__How to complete this task__. Please repeat exactly the lines below from the line with "adidas Squadra 25" to the line with "Load image into", including both, and leave out every picture.

__Data for analysis__.
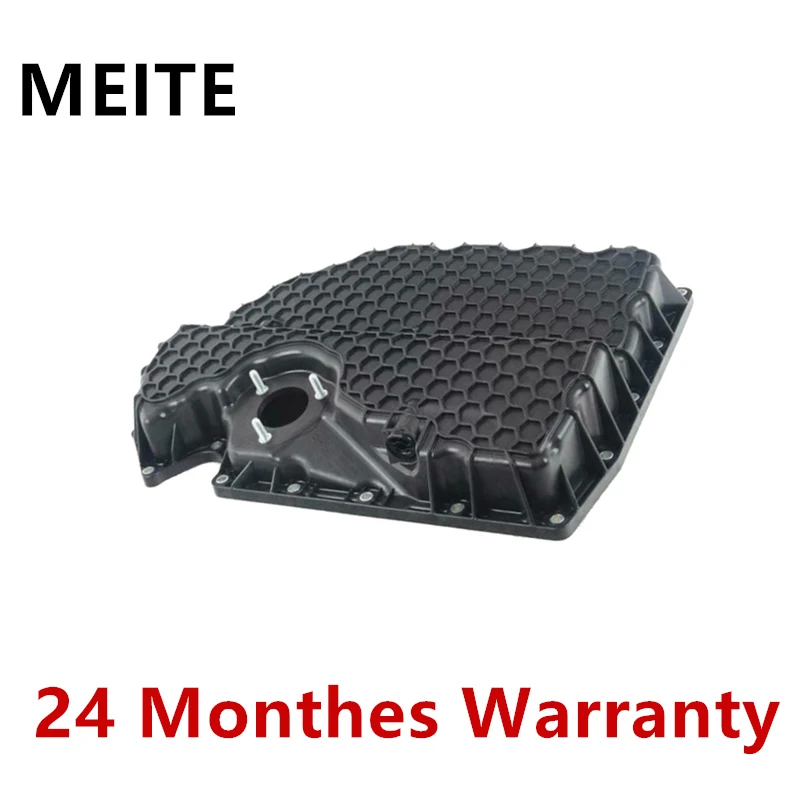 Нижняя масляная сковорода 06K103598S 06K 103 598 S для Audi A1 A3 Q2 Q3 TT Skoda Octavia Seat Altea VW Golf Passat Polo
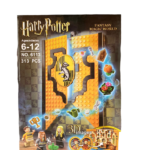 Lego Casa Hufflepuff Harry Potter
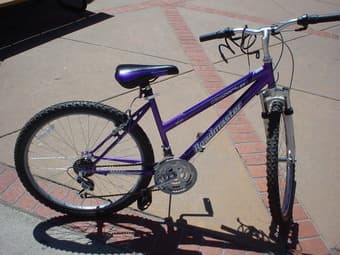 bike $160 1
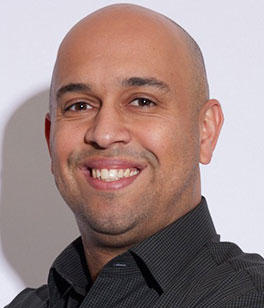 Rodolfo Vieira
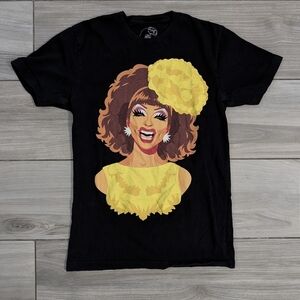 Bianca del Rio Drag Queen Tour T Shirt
---
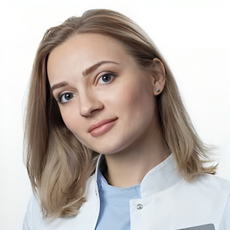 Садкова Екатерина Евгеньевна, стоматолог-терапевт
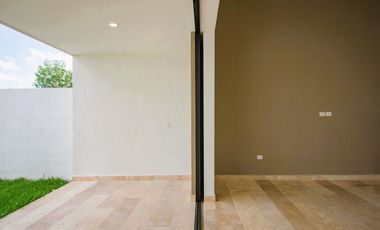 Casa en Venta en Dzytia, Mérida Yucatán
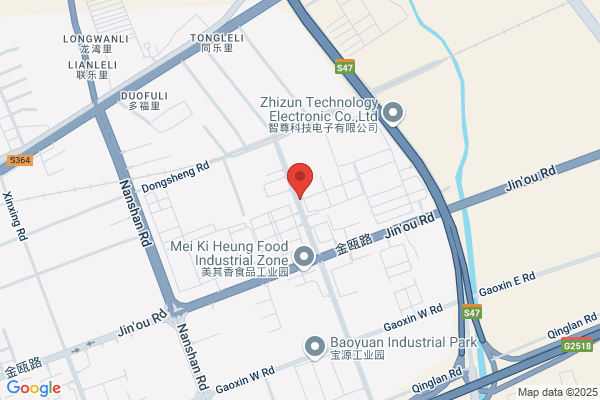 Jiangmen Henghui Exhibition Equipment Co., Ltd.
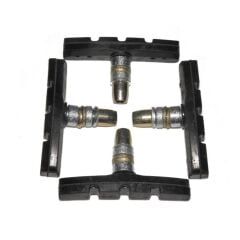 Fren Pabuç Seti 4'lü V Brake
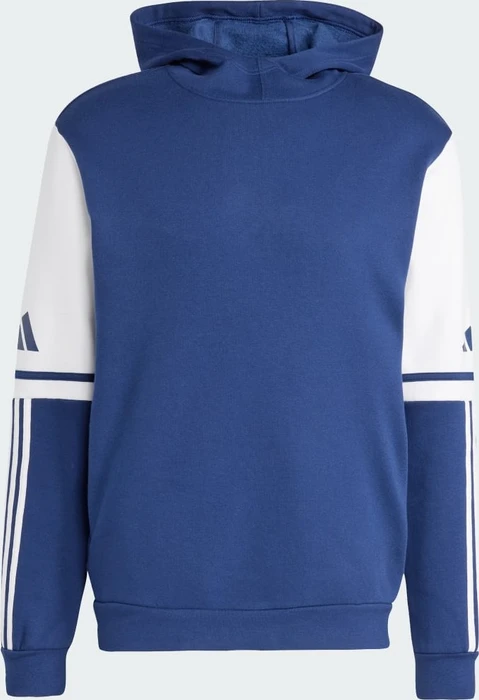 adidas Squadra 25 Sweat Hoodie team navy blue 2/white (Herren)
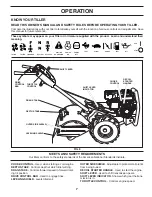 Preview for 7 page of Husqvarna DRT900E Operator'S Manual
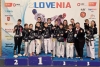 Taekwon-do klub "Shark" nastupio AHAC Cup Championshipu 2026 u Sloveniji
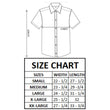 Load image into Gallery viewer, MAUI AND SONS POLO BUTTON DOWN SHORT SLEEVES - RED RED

__Answer space__.
 adidas Squadra 25 Sweat Hoodie team navy blue 2/white (Herren)
 Preview for 7 page of Husqvarna DRT900E Operator'S Manual
 Taekwon-do klub "Shark" nastupio AHAC Cup Championshipu 2026 u Sloveniji
 Load image into Gallery viewer, MAUI AND SONS POLO BUTTON DOWN SHORT SLEEVES - RED RED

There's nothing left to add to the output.